───── DATA FOR PROCESSING

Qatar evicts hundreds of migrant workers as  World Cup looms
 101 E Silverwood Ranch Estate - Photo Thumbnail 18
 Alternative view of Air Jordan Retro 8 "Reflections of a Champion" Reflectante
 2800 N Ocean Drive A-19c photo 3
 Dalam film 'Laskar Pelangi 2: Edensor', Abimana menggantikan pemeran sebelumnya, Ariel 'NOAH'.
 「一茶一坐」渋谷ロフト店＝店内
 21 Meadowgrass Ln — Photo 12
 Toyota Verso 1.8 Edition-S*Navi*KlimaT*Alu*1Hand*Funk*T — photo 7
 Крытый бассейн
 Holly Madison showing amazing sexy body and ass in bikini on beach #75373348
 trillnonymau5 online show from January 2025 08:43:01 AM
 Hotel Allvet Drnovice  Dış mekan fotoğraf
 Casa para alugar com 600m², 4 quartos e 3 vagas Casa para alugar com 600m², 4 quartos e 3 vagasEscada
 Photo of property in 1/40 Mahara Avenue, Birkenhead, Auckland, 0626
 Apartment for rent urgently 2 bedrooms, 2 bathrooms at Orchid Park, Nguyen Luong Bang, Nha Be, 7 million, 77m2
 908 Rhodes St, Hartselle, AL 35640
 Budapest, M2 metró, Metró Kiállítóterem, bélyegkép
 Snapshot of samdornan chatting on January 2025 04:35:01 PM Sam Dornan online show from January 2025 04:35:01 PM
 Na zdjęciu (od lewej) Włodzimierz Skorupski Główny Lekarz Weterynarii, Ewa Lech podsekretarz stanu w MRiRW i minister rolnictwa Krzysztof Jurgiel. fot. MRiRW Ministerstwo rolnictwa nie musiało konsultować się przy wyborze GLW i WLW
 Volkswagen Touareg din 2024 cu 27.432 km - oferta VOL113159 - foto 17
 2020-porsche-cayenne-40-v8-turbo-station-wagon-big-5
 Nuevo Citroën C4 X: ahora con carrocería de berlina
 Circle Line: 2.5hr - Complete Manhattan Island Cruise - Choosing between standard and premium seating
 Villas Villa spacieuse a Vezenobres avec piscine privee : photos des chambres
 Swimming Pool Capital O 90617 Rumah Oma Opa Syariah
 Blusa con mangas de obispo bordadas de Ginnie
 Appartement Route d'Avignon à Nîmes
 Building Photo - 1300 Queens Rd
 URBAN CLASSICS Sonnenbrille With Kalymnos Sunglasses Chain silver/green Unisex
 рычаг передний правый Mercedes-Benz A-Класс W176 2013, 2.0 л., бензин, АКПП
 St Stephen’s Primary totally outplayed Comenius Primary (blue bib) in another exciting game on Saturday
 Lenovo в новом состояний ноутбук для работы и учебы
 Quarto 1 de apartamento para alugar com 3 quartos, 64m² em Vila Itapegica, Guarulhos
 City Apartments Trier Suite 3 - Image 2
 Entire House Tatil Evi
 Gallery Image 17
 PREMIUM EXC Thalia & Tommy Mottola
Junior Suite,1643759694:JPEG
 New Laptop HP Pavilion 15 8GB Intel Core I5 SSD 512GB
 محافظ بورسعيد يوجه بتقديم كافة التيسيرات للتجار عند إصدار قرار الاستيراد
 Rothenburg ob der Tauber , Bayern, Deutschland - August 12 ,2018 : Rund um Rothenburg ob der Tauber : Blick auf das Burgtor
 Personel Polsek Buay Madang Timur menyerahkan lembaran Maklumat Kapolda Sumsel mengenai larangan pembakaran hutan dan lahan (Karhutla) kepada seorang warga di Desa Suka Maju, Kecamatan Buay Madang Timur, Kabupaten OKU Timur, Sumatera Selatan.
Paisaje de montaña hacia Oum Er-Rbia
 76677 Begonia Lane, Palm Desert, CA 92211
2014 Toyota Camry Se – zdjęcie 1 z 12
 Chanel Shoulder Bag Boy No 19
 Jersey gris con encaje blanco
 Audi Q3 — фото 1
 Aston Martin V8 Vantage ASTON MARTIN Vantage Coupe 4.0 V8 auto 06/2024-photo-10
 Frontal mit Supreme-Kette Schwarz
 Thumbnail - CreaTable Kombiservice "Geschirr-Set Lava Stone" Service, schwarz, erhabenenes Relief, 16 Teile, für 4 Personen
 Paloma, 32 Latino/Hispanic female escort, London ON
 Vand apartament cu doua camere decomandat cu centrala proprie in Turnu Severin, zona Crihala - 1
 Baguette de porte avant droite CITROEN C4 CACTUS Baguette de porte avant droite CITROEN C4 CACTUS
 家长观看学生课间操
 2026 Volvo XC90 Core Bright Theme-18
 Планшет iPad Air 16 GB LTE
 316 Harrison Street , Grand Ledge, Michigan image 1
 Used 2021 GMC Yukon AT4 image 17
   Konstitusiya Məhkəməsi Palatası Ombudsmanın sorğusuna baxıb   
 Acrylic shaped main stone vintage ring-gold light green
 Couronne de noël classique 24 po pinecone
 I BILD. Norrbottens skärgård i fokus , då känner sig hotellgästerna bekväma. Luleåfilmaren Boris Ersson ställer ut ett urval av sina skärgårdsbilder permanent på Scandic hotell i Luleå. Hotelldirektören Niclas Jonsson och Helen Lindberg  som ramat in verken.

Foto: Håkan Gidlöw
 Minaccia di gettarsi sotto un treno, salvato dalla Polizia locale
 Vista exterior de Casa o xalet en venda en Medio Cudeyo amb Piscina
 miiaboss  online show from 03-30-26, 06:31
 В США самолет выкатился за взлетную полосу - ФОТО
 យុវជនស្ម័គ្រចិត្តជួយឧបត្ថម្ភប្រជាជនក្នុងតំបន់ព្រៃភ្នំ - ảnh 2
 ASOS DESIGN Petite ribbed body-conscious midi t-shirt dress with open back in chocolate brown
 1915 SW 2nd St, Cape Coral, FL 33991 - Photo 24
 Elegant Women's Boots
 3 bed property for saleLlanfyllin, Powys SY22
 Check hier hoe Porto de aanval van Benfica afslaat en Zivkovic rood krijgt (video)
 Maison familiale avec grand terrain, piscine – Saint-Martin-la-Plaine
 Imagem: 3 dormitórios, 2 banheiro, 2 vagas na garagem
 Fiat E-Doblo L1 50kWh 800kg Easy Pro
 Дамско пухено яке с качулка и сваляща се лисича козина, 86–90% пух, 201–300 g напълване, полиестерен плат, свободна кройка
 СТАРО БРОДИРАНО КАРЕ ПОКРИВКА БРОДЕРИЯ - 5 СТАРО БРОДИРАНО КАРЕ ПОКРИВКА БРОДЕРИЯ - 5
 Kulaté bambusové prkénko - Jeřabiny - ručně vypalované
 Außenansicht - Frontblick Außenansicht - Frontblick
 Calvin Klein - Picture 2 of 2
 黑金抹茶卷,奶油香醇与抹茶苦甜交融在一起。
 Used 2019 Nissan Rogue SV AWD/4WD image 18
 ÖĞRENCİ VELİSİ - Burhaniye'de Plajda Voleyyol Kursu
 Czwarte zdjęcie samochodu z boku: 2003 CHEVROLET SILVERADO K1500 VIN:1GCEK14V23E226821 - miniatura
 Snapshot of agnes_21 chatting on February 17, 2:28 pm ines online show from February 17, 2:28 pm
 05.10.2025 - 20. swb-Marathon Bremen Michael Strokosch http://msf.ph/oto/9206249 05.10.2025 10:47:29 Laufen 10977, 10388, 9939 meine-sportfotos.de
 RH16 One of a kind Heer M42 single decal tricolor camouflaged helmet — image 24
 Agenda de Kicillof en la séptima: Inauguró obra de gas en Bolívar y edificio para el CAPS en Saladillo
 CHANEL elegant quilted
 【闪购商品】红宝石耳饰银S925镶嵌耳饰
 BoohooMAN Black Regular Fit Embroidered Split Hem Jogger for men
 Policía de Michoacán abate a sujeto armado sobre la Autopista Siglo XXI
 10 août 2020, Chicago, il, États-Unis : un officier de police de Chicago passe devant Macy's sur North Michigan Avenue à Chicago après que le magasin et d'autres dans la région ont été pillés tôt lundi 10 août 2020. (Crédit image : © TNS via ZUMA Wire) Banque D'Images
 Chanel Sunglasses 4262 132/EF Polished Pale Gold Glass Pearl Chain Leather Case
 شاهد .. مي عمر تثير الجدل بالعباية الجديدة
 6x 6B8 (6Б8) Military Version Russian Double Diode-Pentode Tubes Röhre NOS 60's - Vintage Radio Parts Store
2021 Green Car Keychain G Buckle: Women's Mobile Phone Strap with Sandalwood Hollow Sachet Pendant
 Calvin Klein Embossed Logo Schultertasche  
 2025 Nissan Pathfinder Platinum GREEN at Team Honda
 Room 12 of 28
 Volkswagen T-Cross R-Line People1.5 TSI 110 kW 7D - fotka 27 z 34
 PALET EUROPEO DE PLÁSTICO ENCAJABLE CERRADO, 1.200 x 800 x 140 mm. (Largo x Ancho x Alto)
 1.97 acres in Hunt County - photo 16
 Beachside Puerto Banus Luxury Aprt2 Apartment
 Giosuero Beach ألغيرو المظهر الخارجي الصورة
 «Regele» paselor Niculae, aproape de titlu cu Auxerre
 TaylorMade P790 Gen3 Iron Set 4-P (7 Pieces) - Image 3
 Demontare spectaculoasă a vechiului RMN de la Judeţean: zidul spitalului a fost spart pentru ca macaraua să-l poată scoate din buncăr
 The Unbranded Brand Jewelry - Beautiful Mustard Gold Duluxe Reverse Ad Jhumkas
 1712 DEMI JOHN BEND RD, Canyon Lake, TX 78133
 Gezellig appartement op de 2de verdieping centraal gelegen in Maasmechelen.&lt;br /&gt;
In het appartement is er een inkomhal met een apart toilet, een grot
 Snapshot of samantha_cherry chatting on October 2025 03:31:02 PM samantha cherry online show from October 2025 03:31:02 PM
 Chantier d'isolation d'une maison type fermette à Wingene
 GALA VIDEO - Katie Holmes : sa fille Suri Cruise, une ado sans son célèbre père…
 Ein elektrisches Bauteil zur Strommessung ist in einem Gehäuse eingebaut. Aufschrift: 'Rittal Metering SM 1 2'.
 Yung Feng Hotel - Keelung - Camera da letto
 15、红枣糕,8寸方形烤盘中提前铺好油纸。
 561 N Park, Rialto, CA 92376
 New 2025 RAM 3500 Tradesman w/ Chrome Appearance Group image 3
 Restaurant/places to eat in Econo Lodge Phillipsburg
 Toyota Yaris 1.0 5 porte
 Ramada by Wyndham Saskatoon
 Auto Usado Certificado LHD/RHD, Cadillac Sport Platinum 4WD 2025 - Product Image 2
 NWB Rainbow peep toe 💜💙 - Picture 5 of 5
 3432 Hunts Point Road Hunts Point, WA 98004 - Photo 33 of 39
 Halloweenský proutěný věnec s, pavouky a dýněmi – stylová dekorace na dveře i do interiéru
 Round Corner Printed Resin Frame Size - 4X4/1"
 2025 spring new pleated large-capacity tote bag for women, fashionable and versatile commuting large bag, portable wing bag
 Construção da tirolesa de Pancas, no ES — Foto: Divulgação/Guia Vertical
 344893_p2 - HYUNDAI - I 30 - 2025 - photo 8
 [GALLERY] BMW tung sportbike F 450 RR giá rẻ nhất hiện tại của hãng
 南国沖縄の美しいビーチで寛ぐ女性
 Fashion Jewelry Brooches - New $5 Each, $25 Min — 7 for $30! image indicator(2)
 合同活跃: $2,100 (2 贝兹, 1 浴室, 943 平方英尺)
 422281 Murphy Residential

──────────

EXERCISE AIM
Find the word "Toyota" in the data and show each line that holds it.

SOLUTION BELOW
 Toyota Verso 1.8 Edition-S*Navi*KlimaT*Alu*1Hand*Funk*T — photo 7
2014 Toyota Camry Se – zdjęcie 1 z 12
 Toyota Yaris 1.0 5 porte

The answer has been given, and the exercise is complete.